学生時代はCDやMDが全盛だったわたしにとって、物理的に表裏のあるレコードやカセットテープにはなじみがない。
それでも、「王道・一般受け・キャッチーな」A面に対して、「知る人ぞ知る・マニアック・味のある」B面という喩えはピンとくる。

どうやらそう考える人は多いらしく、ふと思いついた「人生のB面」というキーワードを検索したら、複数のwebサイトや記事がヒットした。
ここでは、わたしなりのA面とB面を定義して、話を進めたい。


人生のA面とは

社会人として働くわたしたちは、何らかの役に立つスキルを身に着ける。学校や職場あるいは家庭生活で身に着けたそれらは、A面の自分だ。

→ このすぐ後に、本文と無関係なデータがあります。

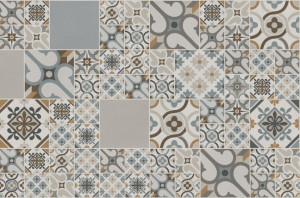 530 050 10 Печатный пробковый пол с разным дизайном Retile Blue GRANORTE Vita Decor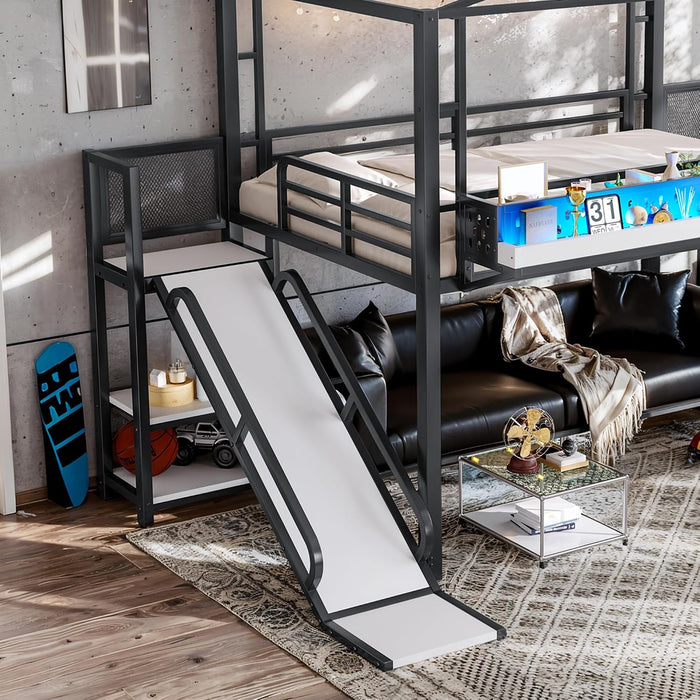 IndustrialGrade Metal Loft Bed Multicolor LED Lighting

A面のおかげで、わたしたちは社会の中でさまざまなつながりを持つことができる。
たとえば、プロの料理人は食事をふるまうことでお客様とつながる。
組織の一員として事務作業を行う会社員は、同僚や他部署の人とつながり、社外へつながりの連鎖を生む。
小さな子どもをケアする親は、子どもとのつながりだけでなく、保育園や学校の先生、地域の人々とのつながりも持つことがある。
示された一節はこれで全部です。